● About this exercise:
Your answer must be an exact copy of the lines from the one containing "The Ascended Life: A" through the last line of the records below, with no pictures; please include nothing else.

»»

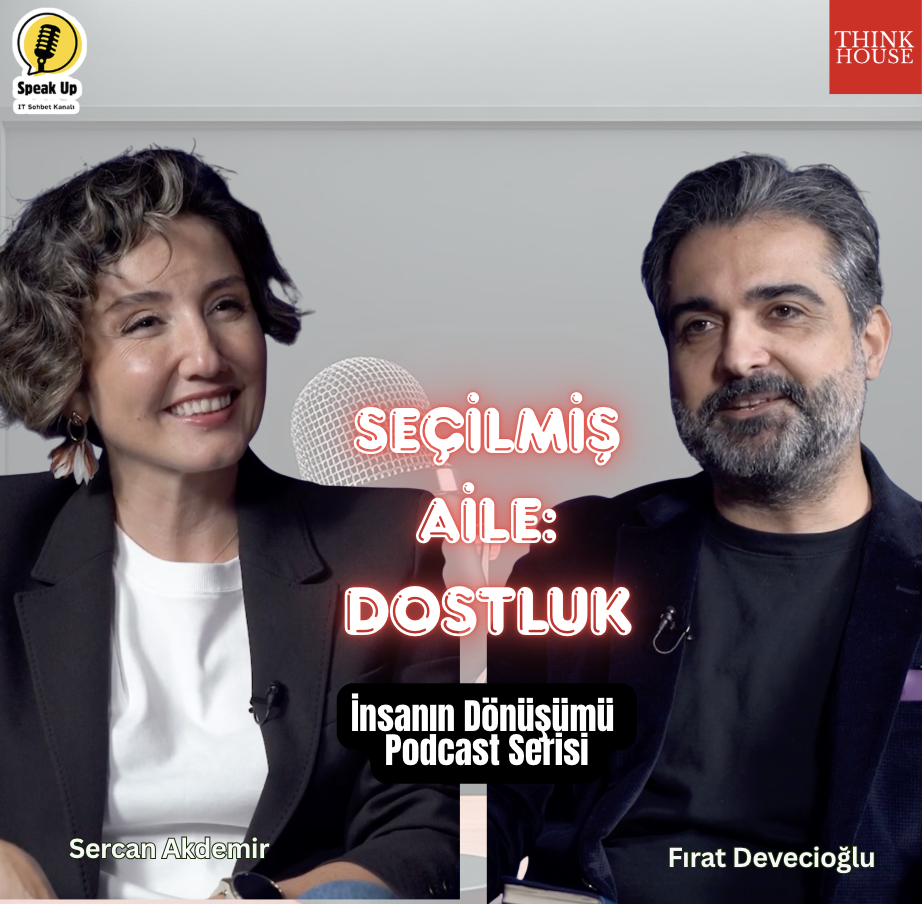 Seçilmiş Aile: Dostluk/ Fırat Devecioğlu ile Insanın Dönüşümü Serisi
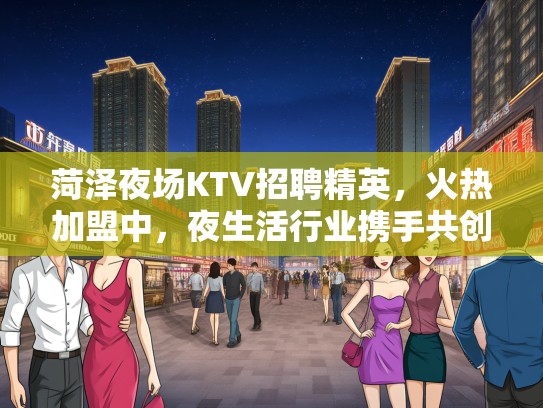 菏泽夜场KTV招聘精英,火热加盟中,夜生活行业携手共创辉煌未来! 菏泽夜场KTV招聘精英,火热加盟中,夜生活行业携手共创辉煌未来!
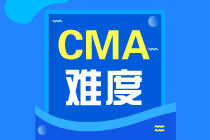 CMA考试难吗？零基础可以报考CMA吗？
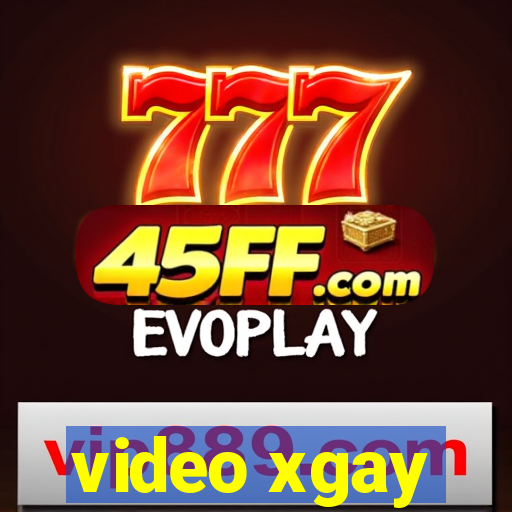 video xgay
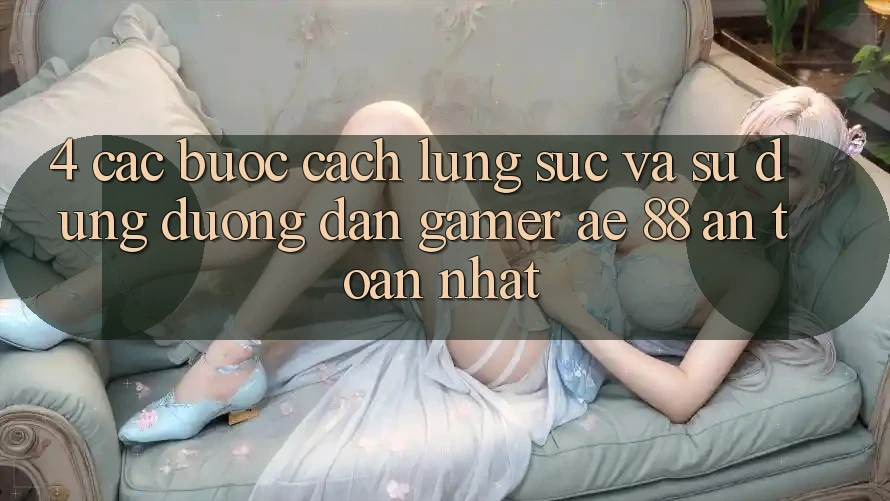 4. Các bước Cách Lùng sục Và Sử Dụng Đường dẫn Gamer AE 88 An Toàn nhất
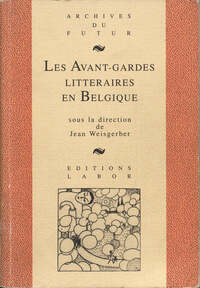 Image de LES AVANT-GARDES LITTERAIRES EN BELGIQUE : AU CONFLUENT DES ARTS ET DES LANGUES (1880 - 1950)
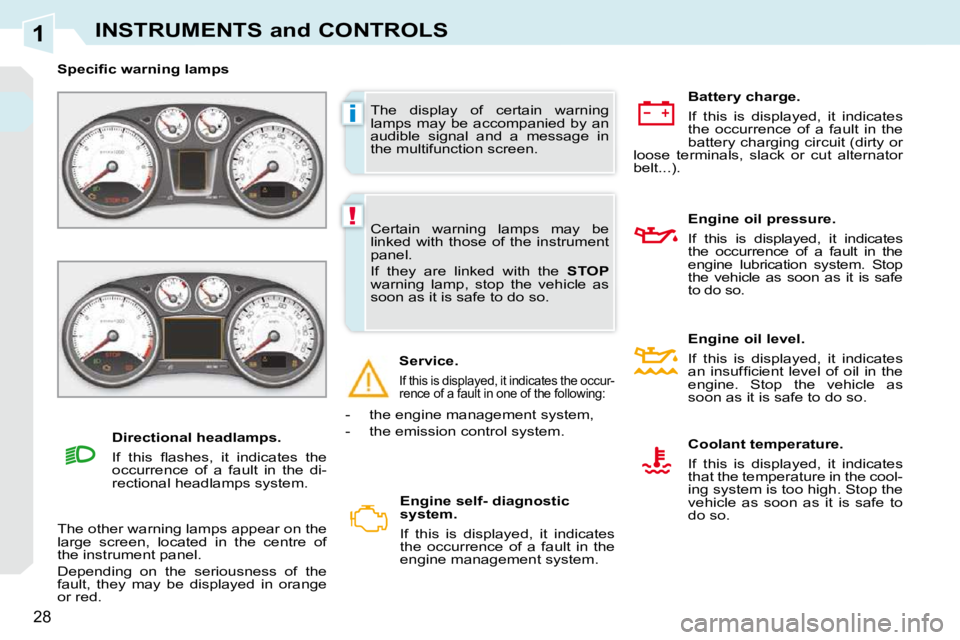 PEUGEOT 308 CC 2010 Owners Manual 1
i
!
28
INSTRUMENTS and CONTROLS
� �T�h�e�  �d�i�s�p�l�a�y�  �o�f�  �c�e�r�t�a�i�n�  �w�a�r�n�i�n�g�  
�l�a�m�p�s� �m�a�y� �b�e� �a�c�c�o�m�p�a�n�i�e�d� �b�y� �a�n� 
�a�u�d�i�b�l�e�  �s�i�g�n�a�l�  �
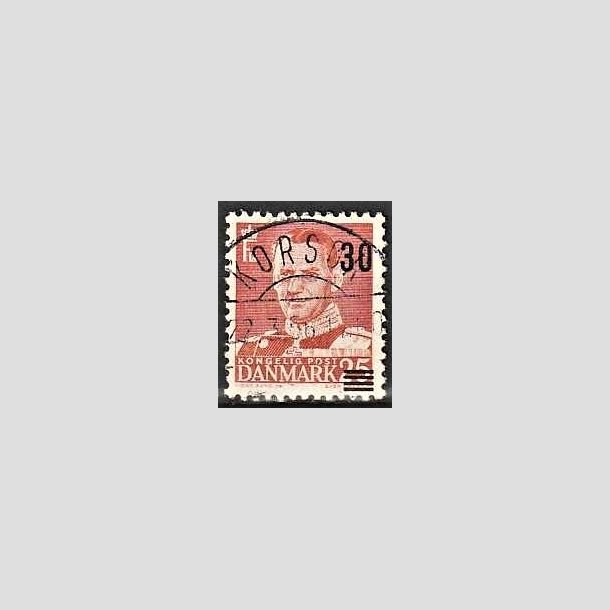 FRIMRKER DANMARK | 1955 - AFA 364 - Provisorier - 30/25 re rd - Pragt Stemplet Korsr
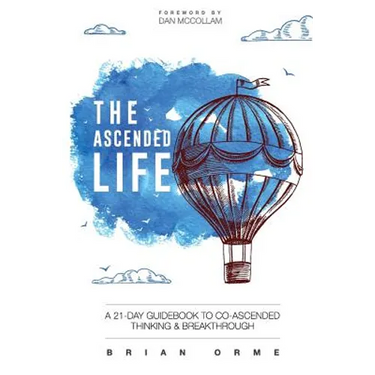 The Ascended Life: A 21-Day Guidebook to Co-Ascended Thinking and Breakthrough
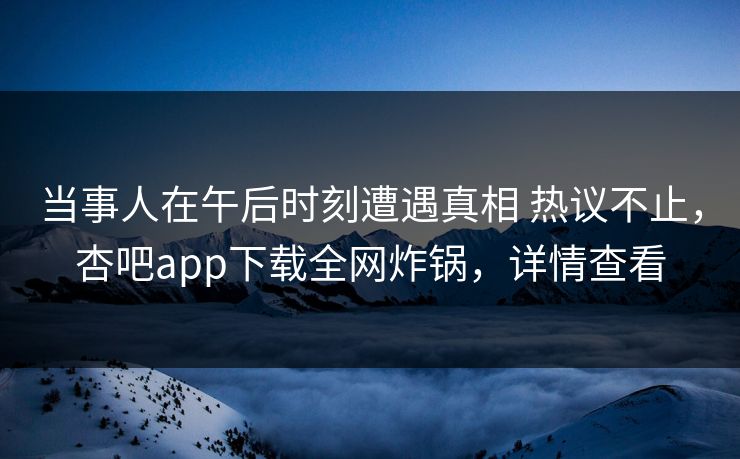当事人在午后时刻遭遇真相 热议不止，杏吧app下载全网炸锅，详情查看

««

● Problem solution:
 The Ascended Life: A 21-Day Guidebook to Co-Ascended Thinking and Breakthrough
当事人在午后时刻遭遇真相 热议不止，杏吧app下载全网炸锅，详情查看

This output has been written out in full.